# Try it
The output is the lines below from the one with "Oportunidad 2D+2B+1Est+1Bod vista despejada" through the one with "SEAT ALHAMBRA Utasoldali", both included, printed exactly and with no other line.
[Available records]
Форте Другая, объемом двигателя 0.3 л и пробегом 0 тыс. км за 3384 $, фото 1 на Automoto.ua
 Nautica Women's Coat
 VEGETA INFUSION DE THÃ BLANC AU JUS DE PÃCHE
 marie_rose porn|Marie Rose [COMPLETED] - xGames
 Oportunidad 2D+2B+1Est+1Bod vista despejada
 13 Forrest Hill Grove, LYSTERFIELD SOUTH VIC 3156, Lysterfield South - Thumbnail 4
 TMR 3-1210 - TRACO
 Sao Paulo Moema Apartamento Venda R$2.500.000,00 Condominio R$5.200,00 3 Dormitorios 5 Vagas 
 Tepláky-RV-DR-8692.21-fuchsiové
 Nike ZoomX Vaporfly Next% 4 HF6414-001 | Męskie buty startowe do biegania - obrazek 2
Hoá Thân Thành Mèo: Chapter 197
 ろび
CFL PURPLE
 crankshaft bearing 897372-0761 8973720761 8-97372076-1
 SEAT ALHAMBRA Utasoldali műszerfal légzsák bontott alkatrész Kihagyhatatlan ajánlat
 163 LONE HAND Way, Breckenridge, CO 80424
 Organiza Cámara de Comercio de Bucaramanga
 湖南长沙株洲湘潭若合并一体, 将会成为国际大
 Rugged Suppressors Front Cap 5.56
[/Available records]
# Answer
 Oportunidad 2D+2B+1Est+1Bod vista despejada
 13 Forrest Hill Grove, LYSTERFIELD SOUTH VIC 3156, Lysterfield South - Thumbnail 4
 TMR 3-1210 - TRACO
 Sao Paulo Moema Apartamento Venda R$2.500.000,00 Condominio R$5.200,00 3 Dormitorios 5 Vagas 
 Tepláky-RV-DR-8692.21-fuchsiové
 Nike ZoomX Vaporfly Next% 4 HF6414-001 | Męskie buty startowe do biegania - obrazek 2
Hoá Thân Thành Mèo: Chapter 197
 ろび
CFL PURPLE
 crankshaft bearing 897372-0761 8973720761 8-97372076-1
 SEAT ALHAMBRA Utasoldali műszerfal légzsák bontott alkatrész Kihagyhatatlan ajánlat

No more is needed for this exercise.